Обнаруживаю, что в голове бродят геройские мысли. Я съеживаюсь от нового чувства. Или наоборот — знакомого, но забытого. Что то внутри меня трепещет, грозя выскочить наружу. Оживает непонятный азарт.

Вывод напрашивается сам собой.

- Позор! Позор! Позор! Позор! – скандируют люди, стоящие в задних рядах. Те, кто оказались лицом к лицу с полицией молчат, не зная куда деваться.

Мимо меня протискивается все тот же усталый парень, в его руках больше нет бумажной таблички. Мальчик лезет вперед, расталкивая всех, кто стоит на его пути, неуклюже размахивая айфоном. «Он просто сумасшедший», отмечаю я про себя, когда парень теряется в толпе.

Справа, с площади внезапно потянулись полицейские. Я не понимаю, что провоцирует нашествие полиции: драки или участники акции.

- Уважаемые граждане! Собрание на площади несанкционированно! – раздается из громкоговорителя, кто-то говорит четко, но не слишком уверено. – Вы мешаете передвижению жителей Москвы и гостей столицы. Просим вас разойтись!
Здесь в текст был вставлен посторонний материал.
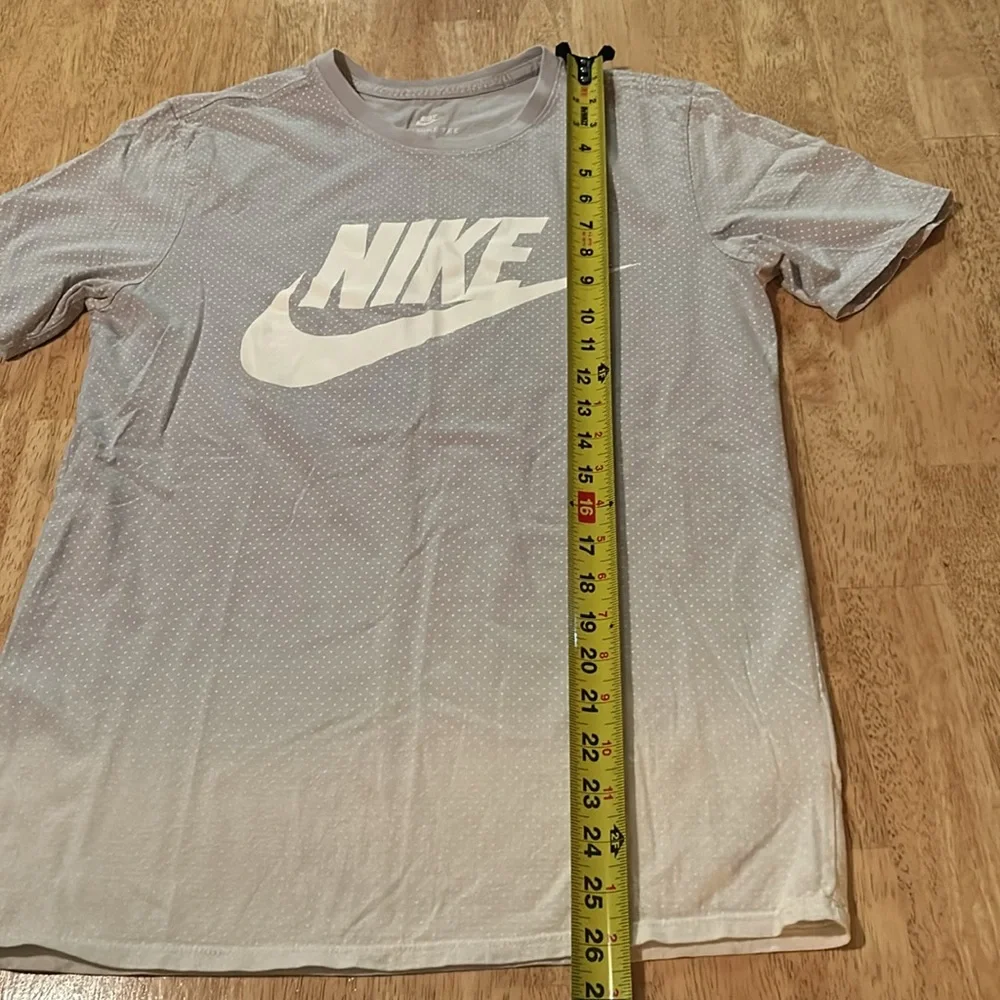 Nike tee - Picture 5 of 6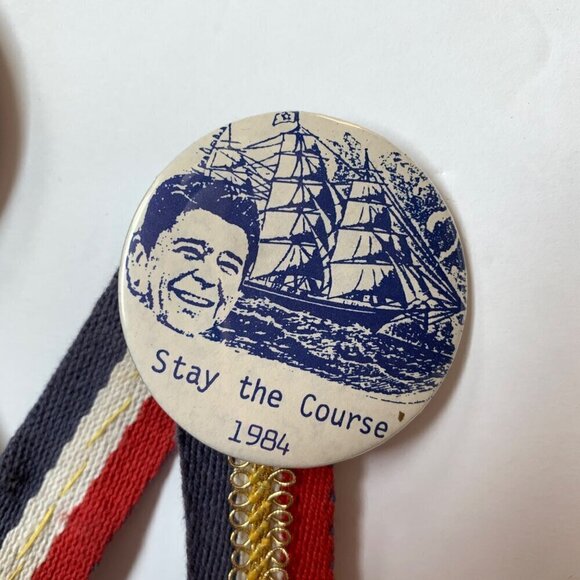 Vintage 1984 84 Ronald Reagan Political Pins on Ribbon I Heart Ron & Nancy Stay - Picture 3 of 7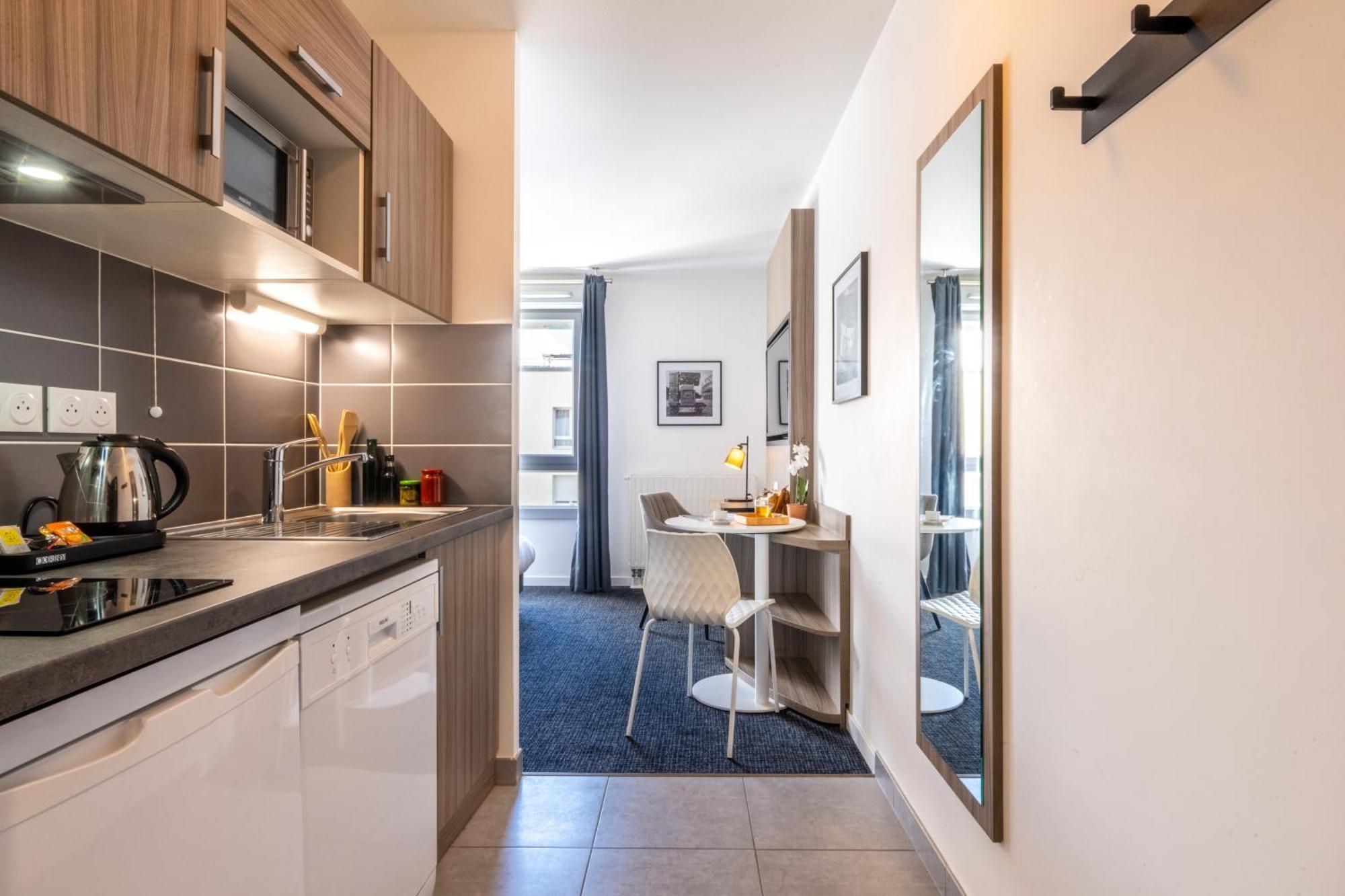 Studio Apartment,1592154415:JPEG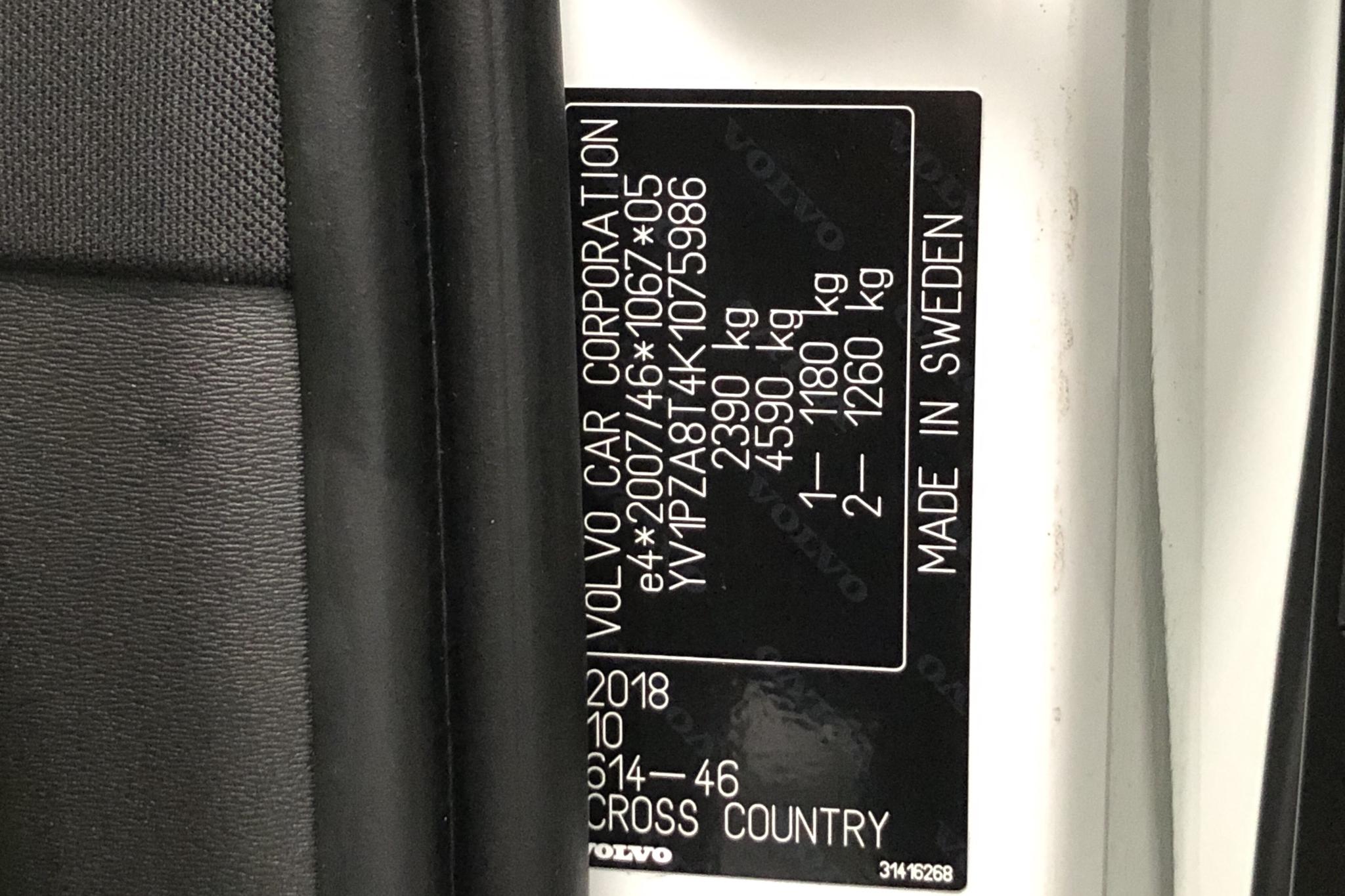 Volvo V90 D4 Cross Country AWD (190hk) - 11 346 mil - Manuell - vit - 2019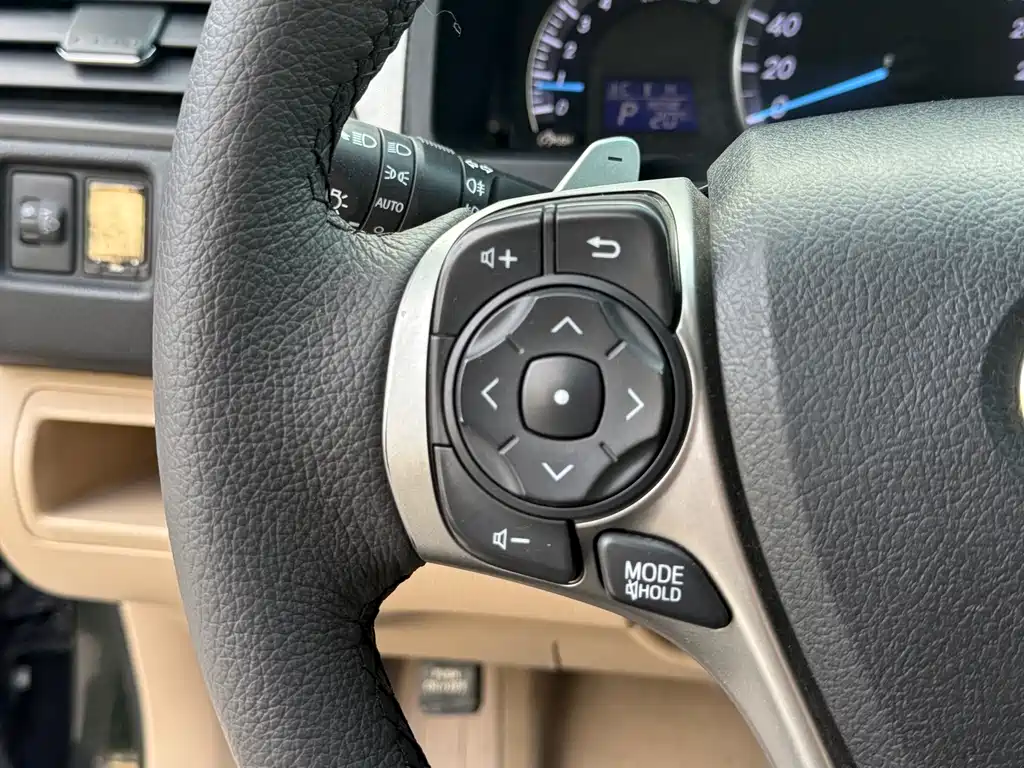 Toyota Camry 2012 — фото 16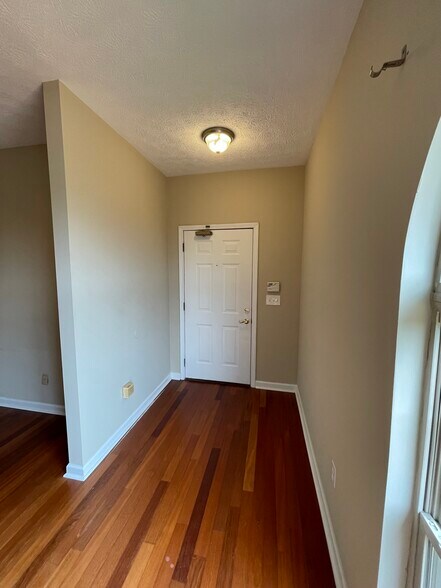 Building Photo - 4805 Lyons View Pike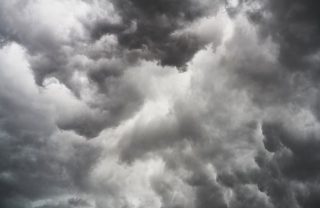 nuvens carregadas e frente fria - previsão do tempo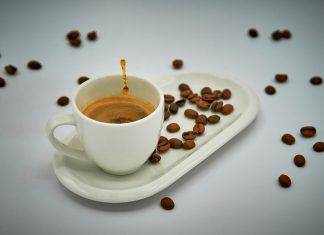 Fase 2: ordina il caffè al bar e decide di pagarlo 50 euro “E’ il minimo”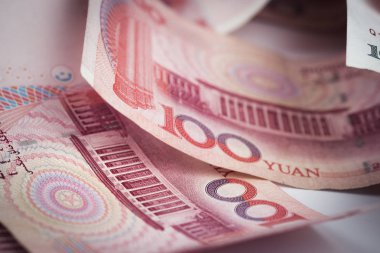 Closeup Çin yuan faturaları masada. Yuan Çin, seçici odak birimidir yüz Çin yuan banknot para arka plan sesi için yığını üzerinde.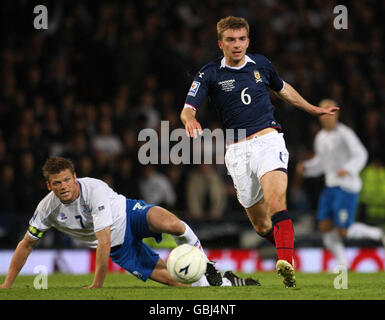 James Morrison en Écosse en action avec Heidar Helguson en Islande lors du match de qualification de la coupe du monde à Hampden Park, Glasgow. Banque D'Images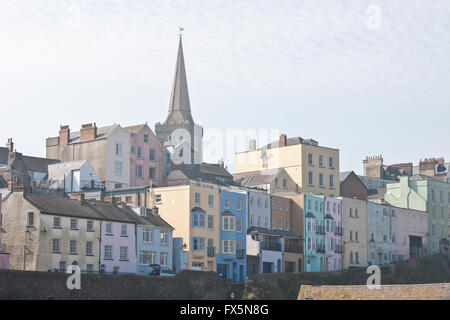 Town houses viewed from North Beach in centre of Tenby. Pembrokeshire Coast Path goes through Tenby. Wales now has a coastal path the entire length of its coastline. West Wales, U.K. Stock Photo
- Да пошли вы! – разносится из толпы, в которой появление полицейских провоцирует раздражение людей.

Я знаю, что происходит. Я всегда предчувствую такие вещи. Я медленно поворачиваюсь, стараясь держать руки подальше от карманов.

Мужчина в голубой шапке на голове бьет флагштоком по полицейским.

Полицейские могут забрать любого, кто попадется под руку, но предпочитают вклиниваться в центр толпы, откуда труднее убежать. Чем громче кричишь, тем больше шансов, что тебя заберут. Хорошо помогает стоять с краю, в случае чего всегда можно развернуться и убежать, или просто притвориться, что ты – случайный прохожий.

Человек в очках начинает призывать людей садиться. У людей сдают нервы, началась серьезная давка. Многие стали призывать ОМОН отойти назад, чтобы для людей хватило места, кто-то начал скандировать "Пропускай!".

Дубинки полицейские начинают применять сначала по собственной инициативе, но махают ими не особо сильно. Скорее, для устрашения. Это единичные случаи. Но люди начинают толкаться, солдаты внутренних войск начинают напирать вперед, сзади их подталкивают полицейские. В результате возникает давка, люди прорывают оцепление, чтобы их не задавили. К тем, кому удалось зайти за кордон, тут же подбегают полицейские и задерживают.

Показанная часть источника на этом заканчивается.